Stock Markets March 2, 2026

Markets Dip After Report That U.S. May Cap AI Chip Sales to Chinese Firms

Nvidia, AMD slide in after-hours trading as plans for per-customer limits on accelerators to China surface

By Marcus Reed NVDA AMD
Markets Dip After Report That U.S. May Cap AI Chip Sales to Chinese Firms
NVDA AMD

Shares of Nvidia and Advanced Micro Devices slipped in after-hours trading after a report said U.S. officials are weighing limits on shipments of advanced AI accelerators to Chinese companies. The proposed measures would set per-customer ceilings for Nvidia's H200 chips and count shipments of AMD's MI325 chips toward those caps, while an earlier regulatory upper bound leaves open the possibility of larger aggregate shipments.

Key Points

  • Nvidia fell 0.6% and AMD fell 0.5% in after-hours trading after a report that U.S. officials are considering export caps on AI accelerators to Chinese firms.
  • The Trump administration has discussed a per-customer ceiling of 75,000 Nvidia H200 units, with shipments of AMD MI325 chips to count toward that limit.
  • While per-customer caps are proposed, an earlier regulatory upper bound could allow total shipments to China of up to about one million units; current demand is concentrated among a small number of Chinese tech giants.

Market reaction

Nvidia (NASDAQ:NVDA) shares fell 0.6% in after-hours trading Monday, while Advanced Micro Devices (NASDAQ:AMD) declined 0.5% following a report that U.S. officials are considering restrictions on exports of AI accelerators to companies in China. The moves in both stocks came after investors reacted to details about potential per-customer limits on high-end chips used for artificial intelligence workloads.
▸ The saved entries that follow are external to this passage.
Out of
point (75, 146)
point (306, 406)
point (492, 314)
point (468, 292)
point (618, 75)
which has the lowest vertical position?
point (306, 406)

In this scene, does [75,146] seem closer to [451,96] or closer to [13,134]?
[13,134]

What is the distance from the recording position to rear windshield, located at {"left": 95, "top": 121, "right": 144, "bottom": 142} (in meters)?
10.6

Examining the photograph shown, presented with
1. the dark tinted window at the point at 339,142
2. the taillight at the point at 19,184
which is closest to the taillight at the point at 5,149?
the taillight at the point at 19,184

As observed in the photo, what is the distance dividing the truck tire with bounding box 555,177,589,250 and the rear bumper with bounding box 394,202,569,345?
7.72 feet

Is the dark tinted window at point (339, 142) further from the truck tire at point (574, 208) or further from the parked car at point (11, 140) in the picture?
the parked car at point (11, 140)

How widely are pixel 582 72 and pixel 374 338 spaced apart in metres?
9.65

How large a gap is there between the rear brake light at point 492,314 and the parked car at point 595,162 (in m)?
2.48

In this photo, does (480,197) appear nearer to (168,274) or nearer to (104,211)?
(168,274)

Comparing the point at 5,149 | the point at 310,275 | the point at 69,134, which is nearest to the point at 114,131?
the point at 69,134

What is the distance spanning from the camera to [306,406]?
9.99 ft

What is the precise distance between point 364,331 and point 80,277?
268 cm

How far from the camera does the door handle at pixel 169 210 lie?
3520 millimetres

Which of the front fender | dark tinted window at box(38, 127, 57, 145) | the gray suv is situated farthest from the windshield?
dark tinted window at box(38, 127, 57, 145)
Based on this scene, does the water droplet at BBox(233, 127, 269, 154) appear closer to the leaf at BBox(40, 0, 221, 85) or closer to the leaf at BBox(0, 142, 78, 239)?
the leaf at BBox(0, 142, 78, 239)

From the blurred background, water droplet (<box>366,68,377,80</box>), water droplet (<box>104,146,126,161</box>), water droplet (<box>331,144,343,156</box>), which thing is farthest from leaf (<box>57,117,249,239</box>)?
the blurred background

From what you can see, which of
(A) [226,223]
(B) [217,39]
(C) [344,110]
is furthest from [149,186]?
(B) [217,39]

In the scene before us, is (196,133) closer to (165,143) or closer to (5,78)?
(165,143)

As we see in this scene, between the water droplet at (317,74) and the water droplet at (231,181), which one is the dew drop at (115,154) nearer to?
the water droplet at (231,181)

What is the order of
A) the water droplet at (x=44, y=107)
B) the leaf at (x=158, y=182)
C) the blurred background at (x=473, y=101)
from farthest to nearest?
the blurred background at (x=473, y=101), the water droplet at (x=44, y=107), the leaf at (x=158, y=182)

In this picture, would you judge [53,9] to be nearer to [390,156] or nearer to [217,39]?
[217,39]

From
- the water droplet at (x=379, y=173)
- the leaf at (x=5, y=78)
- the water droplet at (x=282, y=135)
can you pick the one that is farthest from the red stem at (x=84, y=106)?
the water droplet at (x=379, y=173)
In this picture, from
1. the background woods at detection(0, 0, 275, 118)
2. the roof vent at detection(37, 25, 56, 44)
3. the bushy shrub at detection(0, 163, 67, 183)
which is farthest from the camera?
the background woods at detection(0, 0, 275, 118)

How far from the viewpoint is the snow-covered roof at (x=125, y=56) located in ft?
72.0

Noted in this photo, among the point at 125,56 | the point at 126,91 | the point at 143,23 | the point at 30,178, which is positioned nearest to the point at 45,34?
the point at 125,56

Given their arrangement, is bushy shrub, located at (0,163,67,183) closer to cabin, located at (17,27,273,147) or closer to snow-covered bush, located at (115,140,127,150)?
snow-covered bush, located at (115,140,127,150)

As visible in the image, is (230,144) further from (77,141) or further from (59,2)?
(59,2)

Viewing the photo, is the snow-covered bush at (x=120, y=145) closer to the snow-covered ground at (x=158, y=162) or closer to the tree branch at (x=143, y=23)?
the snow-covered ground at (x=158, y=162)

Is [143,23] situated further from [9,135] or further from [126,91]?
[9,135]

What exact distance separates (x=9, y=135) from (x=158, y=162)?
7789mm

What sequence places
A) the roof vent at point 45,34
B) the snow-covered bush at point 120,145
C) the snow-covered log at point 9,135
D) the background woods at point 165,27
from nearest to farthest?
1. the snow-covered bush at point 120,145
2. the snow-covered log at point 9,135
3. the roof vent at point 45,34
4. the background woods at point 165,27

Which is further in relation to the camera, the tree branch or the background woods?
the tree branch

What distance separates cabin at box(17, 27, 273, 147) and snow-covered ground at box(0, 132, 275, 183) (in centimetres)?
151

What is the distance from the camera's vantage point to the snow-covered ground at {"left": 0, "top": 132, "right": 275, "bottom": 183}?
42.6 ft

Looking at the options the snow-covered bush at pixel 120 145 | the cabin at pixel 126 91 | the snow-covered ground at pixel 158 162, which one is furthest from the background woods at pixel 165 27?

Details of the proposed limits

The report said the Trump administration has discussed a proposal that would limit purchases by individual Chinese firms to 75,000 units of Nvidia's H200 accelerators. Under the plan, shipments of AMD's MI325 accelerators - which are described as having comparable capabilities - would also be included when determining whether a customer has reached its cap, according to people familiar with the discussions.

That per-customer figure is reported to be less than half of the quantities some large Chinese cloud and tech firms privately told Nvidia they hoped to buy. Companies named as having sought higher volumes include Alibaba Group Holding and ByteDance, and the accelerators in question are used to develop and run artificial intelligence models.

Aggregate limits and concentration of demand

Even with per-customer ceilings, total shipments of these accelerators to China could still reach as many as a million units, the report said, citing an upper bound the Trump administration set earlier in the regulatory process. The current wave of applications for these chips is concentrated: a relatively small number of Chinese technology giants account for the large majority of requests. Under a per-customer cap framework, those firms together could receive at most several hundred thousand units.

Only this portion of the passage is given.